Neşet KARADAĞ-Özel
Adana'da kendisini hamileyken bile dövüp, fuhuş yaptırmak istediğini iddia ettiği 33 yaşındaki eşi Hasan Karabulut'u tabancayla öldüren 22 yaşındaki Çilem Karabulut hakkında dava açıldı. Cumhuriyet Savcısı, Çilem için ‘haksız tahrik’ indirimi isterken, mahkemeden de Çilem’in ‘o an yaşadığı heyecan, korku ve talaşının’ göz önüne alınarak ‘Meşru savunmadan’ ceza verilmemesinin düşünülmesini de talep etti.
Çilem Karabulut, 7 yıl önce mahalleden tanıştığı Hasan Karabulut ile uzun süre aşk hayatı yaşadı. Yaklaşık 2.5 yıl önce de evlendiler. Evlilikten sonra, iddiaya göre, Karabulut kıskançlık yüzünden eşine şiddet uygulamaya başladı. 9 aylık kızı M.S.'ye hamileyken de dövülen Çilem, defalarca eşini polise ve savcılığa şikayet etti. Kocası hakkında 6 kez uzaklaştırma cezası ile 9 ay hapis cezası verildi. Boşanma davası da açtı. Yakınlarının araya girmesi ve eşini sevmesi üzerine Çilem, tekrar eşi ile barıştı.
8 Temmuz 2015’te Hasan Karabulut, geldiği evde Çilem'e, bir bavul uzatıp, "Doldur, seni Antalya'ya götürüp geneleve satacağım" dedi. Bunun üzerine çıkan tartışma sırasında Çilem, yastığın altındaki tabancayı aldı, 6 kurşunla eşini öldürdükten sonra bebeğini alarak kaçtı.
DAVA AÇILDI
Polise teslim olup tutuklanan Çilem hakkındaki soruşturma tamamlanıp Adana 10.Ağır Ceza Mahkemesi’nde ‘Yakın akrabayı öldürme’ suçundan dava açıldı. Mahkeme, yaptığı inceleme sonunda iddianameyi kabul etti.

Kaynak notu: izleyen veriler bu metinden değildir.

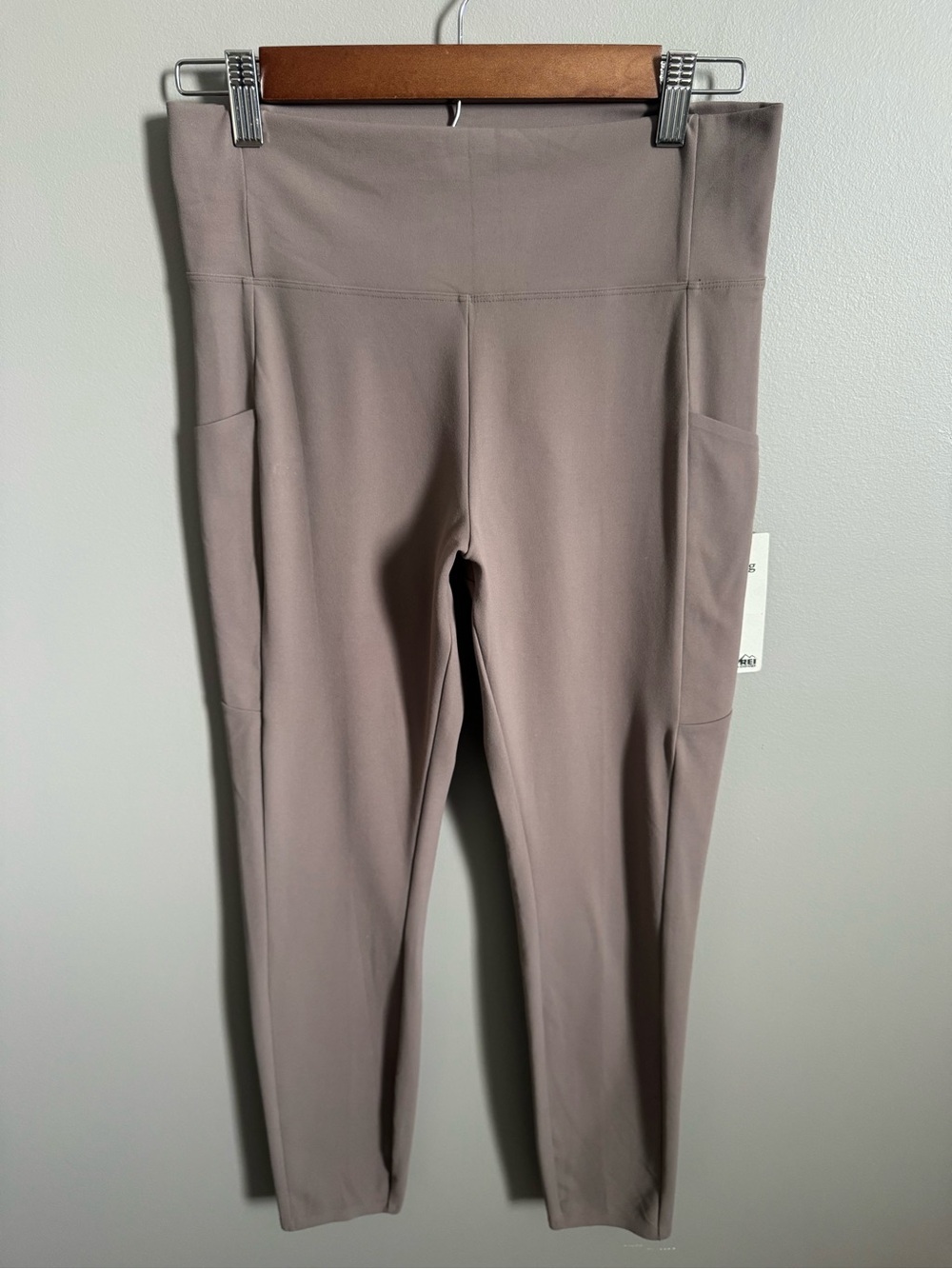 NWT REI Take Your Time 7/8 Legging Large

‘CEZA VERİLMEMESİ DÜŞÜNÜLEBİLİR’
İddianameyi hazırlayan Cumhuriyet Savcısı, yasaya göre eşini öldürdüğü için ağırlaştırılmış müebbet hapis cezası istenen Çilem’in uzun süredir uğradığı şiddet yüzünden ‘haksız tahrik’ indiriminden faydalandırılmasını talep etti. Savcı, ayrıca, “Çilem Karabulut’un uzun süredir uğradığı haksız saldırılar sonucu yaşadığı çaresizlik, elem, Hasan Karabulut’un suç işleme konusundaki cüretkarlığı, polis memurlarına karşı bile suç işlemekte tereddüt göstermemesi ve bunun da Çilem Karabulut’ta doğurduğu endişe ve olay günü de yine şiddete maruz kalması göz önüne alındığında kendisine haksız bir saldırıdan kurtarma amaçlı eylemini gerçekleştirmiştir”diyerek bu nedenle yargılama sonunda Çilem’e TCK’nın 27. Maddesinde yer alan ‘meşru müdafaa’ maddesinin de göz önünde bulundurularak ceza verilmemesinin de uygulanmasının düşünülmesini istedi.
Önümüzdeki günlerde yargılanmaya başlayacak olan Çilem, eşini nasıl öldürdüğünü şöyle anlatmıştı:
‘ÖLDÜĞÜNÜ BİLE ANLAMADIM’
“Sabah eve geldiğinde bana ‘bavullarını hazırla, Antalya’ya gideceğiz, orda fuhuş yapacaksın’ dedi. İtiraz edince vurdu, düşürdü. Ondan kurtulmaya, ayağa kalkmaya çalışırken elim tutunduğum yatakta, yastığın altındaki demire değdi. O anda silahı nasıl aldım, nasıl vurdum hatırlamıyorum. O silah o anda patlamasaydı, kesinlikle ben oradan sağ çıkamayacaktım. Ben aslında onun yaralandığını, öldüğünü bile anlamadım. Halen arkamdan geldiğini sanıyordum, korkumdan kapıyı üzerine kilitleyip kızımı alıp kaçtım. Öldüğünü öğrenince kendim gidip teslim oldum.”